Михаил Васильевич, ладонью вытирая слезы на ее щеках, заговорил:
– Неприлично так хвалить собственного мужа… Ничего, все утрясется! Сначала я тоже растерялся – двадцать лет с гаком всегда в пример меня ставили, а тут взяли да и выгнали… Когда же поразмыслил малость, – выходит, жить еще можно! Я даже программу себе наметил: первым делом отдохну за все три года. Потом наймусь куда-нибудь в контору. Сяду за большой стол с зеленым сукном, начну приказы сочинять, формы разные, предписания и указания – благодать и, главное, никакой ответственности! И ты успокоишься, перестанешь ждать месяцами непутевого мужа. За сыном присмотрю. Как раз время. Буду жить только для семьи, как добропорядочный чиновник. Хочешь, Анна?

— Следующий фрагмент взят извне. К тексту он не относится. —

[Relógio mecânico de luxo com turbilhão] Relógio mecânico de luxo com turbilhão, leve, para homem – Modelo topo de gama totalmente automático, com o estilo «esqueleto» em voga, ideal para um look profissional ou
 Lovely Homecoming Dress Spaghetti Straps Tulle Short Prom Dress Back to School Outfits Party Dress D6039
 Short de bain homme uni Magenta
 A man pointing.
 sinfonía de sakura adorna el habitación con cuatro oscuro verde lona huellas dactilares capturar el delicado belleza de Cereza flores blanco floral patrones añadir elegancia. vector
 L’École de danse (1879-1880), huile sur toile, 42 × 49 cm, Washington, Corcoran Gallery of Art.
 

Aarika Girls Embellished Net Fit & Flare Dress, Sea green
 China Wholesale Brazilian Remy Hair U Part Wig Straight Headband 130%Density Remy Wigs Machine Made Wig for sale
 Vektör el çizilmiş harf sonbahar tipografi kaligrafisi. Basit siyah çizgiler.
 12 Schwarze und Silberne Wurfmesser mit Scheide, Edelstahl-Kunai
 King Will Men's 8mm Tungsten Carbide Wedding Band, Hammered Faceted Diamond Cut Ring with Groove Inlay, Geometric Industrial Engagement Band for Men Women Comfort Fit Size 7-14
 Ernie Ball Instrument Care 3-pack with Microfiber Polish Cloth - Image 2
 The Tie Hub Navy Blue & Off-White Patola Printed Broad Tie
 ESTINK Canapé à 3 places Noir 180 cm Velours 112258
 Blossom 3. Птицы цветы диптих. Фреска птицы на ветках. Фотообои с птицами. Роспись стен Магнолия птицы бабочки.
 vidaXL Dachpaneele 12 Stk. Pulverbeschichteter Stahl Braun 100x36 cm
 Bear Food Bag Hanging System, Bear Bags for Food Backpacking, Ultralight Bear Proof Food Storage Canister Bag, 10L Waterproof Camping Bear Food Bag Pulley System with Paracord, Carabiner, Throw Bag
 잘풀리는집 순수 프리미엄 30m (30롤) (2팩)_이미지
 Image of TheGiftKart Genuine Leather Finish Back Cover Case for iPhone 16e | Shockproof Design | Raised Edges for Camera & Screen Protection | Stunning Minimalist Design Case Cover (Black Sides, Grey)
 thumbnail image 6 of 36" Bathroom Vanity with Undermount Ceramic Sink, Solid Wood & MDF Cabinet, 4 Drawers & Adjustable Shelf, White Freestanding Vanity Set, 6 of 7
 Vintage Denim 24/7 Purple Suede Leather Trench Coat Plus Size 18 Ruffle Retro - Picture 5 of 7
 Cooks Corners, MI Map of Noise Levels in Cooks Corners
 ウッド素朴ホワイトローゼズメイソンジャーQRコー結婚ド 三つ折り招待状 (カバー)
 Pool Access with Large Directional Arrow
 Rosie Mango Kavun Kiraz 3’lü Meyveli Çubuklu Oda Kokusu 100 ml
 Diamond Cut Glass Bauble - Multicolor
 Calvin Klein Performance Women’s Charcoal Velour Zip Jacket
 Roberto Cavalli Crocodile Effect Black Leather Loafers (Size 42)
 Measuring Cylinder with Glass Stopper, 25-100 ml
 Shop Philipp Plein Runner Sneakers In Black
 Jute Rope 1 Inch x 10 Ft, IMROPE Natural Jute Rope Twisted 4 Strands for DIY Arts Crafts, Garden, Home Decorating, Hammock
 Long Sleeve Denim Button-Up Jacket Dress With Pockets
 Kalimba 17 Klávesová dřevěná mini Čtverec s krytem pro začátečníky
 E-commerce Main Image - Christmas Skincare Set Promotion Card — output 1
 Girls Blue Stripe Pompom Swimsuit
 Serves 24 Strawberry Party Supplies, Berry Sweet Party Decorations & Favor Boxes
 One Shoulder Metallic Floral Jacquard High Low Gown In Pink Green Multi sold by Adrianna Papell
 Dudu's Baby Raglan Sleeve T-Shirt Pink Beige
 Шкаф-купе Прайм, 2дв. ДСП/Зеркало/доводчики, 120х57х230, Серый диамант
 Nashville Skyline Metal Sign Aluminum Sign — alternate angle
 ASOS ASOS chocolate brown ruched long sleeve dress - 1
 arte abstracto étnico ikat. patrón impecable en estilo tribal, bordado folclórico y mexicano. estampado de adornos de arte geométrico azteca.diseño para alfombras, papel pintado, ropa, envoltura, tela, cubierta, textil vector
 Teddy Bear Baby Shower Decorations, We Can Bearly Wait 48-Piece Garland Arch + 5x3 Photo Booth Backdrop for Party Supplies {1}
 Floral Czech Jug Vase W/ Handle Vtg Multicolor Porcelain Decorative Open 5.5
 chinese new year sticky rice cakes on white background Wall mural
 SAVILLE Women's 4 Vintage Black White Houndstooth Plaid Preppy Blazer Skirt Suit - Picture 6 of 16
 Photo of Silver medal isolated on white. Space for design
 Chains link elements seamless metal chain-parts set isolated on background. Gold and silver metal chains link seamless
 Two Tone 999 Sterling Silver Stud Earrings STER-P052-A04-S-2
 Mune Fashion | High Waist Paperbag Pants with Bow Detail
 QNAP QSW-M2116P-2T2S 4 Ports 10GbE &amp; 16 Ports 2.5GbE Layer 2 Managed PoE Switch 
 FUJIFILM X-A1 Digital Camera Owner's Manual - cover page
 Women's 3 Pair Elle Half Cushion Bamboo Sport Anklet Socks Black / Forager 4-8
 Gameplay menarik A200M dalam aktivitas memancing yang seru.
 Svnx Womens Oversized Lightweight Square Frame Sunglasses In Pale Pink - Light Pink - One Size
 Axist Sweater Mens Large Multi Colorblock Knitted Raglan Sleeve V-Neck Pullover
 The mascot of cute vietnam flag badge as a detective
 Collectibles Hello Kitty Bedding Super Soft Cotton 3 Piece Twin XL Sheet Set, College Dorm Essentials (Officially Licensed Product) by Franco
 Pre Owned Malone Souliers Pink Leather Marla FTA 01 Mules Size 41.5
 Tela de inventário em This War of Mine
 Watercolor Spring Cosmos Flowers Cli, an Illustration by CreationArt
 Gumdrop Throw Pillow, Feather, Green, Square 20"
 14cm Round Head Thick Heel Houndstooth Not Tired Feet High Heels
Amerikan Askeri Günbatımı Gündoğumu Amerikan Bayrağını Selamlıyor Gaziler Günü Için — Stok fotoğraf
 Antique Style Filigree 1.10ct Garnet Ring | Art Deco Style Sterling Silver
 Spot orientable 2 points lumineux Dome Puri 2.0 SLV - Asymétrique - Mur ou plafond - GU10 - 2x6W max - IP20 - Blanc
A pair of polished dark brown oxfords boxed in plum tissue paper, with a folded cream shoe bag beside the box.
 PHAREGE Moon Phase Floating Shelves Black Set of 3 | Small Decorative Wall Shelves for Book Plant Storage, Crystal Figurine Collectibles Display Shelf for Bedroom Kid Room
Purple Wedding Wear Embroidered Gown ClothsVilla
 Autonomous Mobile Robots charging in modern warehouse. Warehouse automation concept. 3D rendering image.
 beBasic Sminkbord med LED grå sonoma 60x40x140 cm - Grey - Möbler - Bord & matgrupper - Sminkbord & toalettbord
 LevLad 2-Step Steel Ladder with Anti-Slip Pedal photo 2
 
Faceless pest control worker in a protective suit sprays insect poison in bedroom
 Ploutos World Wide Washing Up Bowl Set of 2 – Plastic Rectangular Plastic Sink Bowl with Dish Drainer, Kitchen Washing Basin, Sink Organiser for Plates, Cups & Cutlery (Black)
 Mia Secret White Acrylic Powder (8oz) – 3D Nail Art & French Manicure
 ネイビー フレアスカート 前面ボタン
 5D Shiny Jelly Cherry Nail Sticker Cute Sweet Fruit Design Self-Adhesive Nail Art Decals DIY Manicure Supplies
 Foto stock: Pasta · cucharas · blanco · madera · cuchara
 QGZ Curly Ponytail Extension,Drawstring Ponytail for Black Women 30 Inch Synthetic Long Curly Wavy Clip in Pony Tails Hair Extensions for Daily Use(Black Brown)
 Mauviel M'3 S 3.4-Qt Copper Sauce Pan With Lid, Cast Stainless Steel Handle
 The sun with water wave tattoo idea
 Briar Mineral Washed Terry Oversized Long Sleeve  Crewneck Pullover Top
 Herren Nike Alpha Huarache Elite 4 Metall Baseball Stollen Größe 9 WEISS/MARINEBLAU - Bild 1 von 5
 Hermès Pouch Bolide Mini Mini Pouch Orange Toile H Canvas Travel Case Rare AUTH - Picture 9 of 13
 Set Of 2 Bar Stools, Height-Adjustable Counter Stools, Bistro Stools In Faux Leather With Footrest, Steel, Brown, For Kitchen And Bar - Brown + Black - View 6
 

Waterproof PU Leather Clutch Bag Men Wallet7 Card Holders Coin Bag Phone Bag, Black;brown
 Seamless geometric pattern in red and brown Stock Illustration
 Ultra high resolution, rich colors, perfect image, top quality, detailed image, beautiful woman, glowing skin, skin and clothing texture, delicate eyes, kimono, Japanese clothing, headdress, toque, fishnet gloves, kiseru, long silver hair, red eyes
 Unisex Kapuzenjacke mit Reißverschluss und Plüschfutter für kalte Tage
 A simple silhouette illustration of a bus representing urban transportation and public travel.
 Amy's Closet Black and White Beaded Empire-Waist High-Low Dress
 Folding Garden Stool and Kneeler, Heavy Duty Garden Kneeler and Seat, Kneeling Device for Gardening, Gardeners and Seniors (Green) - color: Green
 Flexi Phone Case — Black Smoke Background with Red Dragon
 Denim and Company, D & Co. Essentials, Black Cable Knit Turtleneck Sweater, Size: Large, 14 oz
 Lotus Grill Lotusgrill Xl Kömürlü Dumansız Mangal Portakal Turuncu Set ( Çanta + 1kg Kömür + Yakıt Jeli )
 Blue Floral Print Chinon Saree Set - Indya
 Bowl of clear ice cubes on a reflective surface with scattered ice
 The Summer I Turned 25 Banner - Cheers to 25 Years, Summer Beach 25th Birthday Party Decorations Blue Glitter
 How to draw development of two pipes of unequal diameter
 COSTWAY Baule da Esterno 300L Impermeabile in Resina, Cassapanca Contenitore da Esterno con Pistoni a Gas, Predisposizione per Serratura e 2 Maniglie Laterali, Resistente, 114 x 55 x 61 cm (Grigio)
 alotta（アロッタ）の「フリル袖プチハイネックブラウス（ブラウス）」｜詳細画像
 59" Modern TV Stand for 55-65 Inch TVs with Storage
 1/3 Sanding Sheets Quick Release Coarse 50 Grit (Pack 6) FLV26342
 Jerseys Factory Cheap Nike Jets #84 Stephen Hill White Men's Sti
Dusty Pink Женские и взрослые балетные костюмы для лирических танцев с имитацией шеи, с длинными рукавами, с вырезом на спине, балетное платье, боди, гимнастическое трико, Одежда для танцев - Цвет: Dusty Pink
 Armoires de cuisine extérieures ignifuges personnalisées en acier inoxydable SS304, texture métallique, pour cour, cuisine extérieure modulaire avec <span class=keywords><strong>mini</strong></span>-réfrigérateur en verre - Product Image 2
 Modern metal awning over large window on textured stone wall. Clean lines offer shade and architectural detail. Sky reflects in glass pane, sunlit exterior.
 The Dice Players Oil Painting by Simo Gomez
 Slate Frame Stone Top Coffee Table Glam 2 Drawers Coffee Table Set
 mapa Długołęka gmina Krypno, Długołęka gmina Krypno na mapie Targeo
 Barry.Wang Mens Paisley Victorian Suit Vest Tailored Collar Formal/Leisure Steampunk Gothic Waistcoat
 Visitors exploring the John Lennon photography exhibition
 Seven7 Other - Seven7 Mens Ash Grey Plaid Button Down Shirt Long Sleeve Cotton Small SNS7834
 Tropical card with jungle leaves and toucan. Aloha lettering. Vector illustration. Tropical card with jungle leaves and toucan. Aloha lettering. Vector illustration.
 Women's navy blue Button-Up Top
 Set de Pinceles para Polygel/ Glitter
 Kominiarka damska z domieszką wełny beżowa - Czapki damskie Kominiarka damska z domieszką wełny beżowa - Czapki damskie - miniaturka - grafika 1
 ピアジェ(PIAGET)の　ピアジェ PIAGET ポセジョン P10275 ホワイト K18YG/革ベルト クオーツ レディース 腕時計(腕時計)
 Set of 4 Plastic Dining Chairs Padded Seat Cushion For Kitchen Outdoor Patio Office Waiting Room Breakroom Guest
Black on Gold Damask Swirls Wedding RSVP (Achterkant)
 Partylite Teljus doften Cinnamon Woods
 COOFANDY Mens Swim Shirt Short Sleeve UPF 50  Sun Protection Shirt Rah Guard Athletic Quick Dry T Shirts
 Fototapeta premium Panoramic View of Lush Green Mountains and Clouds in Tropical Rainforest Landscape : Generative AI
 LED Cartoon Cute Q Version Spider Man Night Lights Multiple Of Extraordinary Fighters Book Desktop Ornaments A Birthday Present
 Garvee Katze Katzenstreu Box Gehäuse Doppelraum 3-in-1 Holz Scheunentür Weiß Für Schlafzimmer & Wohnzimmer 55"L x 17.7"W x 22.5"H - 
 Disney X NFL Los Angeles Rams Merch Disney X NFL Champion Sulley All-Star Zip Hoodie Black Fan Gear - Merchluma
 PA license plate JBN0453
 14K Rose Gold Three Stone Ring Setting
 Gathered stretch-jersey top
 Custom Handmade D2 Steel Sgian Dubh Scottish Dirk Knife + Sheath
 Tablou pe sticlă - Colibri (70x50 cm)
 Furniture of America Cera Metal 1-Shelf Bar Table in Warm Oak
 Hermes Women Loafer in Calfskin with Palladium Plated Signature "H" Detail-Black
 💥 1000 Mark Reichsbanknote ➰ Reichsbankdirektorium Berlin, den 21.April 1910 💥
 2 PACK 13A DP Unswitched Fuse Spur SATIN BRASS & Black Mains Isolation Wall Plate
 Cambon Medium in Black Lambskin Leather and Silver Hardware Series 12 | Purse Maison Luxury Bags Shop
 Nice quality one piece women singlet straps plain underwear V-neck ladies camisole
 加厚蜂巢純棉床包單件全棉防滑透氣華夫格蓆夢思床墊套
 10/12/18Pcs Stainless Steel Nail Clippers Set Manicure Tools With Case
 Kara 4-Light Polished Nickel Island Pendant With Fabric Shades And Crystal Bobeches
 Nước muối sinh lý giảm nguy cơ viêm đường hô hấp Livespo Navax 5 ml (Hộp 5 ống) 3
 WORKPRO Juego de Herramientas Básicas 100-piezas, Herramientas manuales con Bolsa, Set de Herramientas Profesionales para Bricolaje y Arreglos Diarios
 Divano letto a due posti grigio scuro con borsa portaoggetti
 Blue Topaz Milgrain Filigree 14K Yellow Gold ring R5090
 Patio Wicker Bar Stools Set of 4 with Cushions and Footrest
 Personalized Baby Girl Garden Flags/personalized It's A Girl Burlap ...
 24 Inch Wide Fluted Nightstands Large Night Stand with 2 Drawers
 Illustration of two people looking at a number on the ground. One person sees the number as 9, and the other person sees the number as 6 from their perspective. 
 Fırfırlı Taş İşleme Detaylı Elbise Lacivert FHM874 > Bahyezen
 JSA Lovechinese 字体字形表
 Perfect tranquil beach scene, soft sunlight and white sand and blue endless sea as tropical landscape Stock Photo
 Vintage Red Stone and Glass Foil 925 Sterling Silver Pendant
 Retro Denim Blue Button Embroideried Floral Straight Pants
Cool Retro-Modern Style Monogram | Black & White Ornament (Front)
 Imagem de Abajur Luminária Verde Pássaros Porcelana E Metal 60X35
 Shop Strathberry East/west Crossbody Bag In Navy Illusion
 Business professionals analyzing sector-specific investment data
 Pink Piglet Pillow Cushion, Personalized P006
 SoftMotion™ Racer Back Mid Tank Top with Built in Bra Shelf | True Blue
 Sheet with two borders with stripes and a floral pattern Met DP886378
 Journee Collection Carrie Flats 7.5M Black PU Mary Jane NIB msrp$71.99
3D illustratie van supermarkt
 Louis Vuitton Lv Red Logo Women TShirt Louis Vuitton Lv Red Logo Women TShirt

Наплакавшись, Аня успокоилась и тихо проговорила:
– Не будь хоть сейчас смешным.
Михаил Васильевич выпрямился.
– Хорошо. Сдаваться я не думаю. Теперь ты все знаешь. Кстати говоря, отстранены от работы еще Николаев, Барон и Малинина – они пострадали только из-за меня. Времени осталось мне очень мало, дорог каждый час, и я вынужден сейчас идти.
– Куда? – горько спросила Аня. Она села на кровати, натянула в рукава халат, зябко повела плечами.
– Встречусь с Кругликовым и сразу уеду на перевал. Скоро не жди. Вернусь, только когда закончим дорогу, – ответил Михаил Васильевич, глядя на темное окно.